→ DESCRIPTION OF THE TASK
Write the listing out once more, identical to the original but without pictures.

→ INFORMATION SUPPLIED
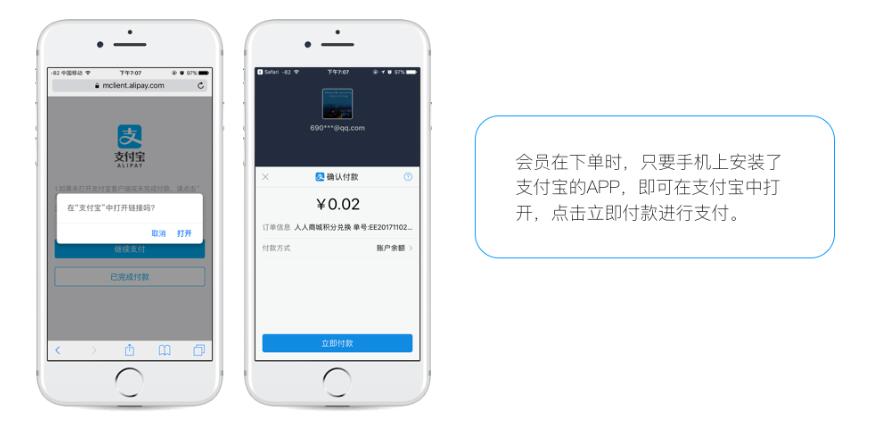手机端支付宝支付页面展示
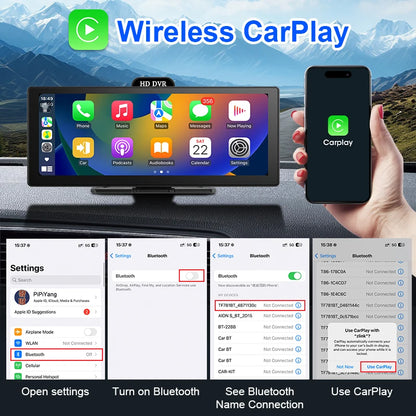 Develuck New 11.26'' 4K Car DVR Wireless CarPlay Android Auto Multimedia Player IPS Touch Screen Bluetooth Video Recorder FM AUX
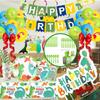 Dinosaur Cartoon Party Birthday Supplies Tableware Plates Cups Banner Tablecloth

→ TASK SOLUTION
手机端支付宝支付页面展示
 Develuck New 11.26'' 4K Car DVR Wireless CarPlay Android Auto Multimedia Player IPS Touch Screen Bluetooth Video Recorder FM AUX
 Dinosaur Cartoon Party Birthday Supplies Tableware Plates Cups Banner Tablecloth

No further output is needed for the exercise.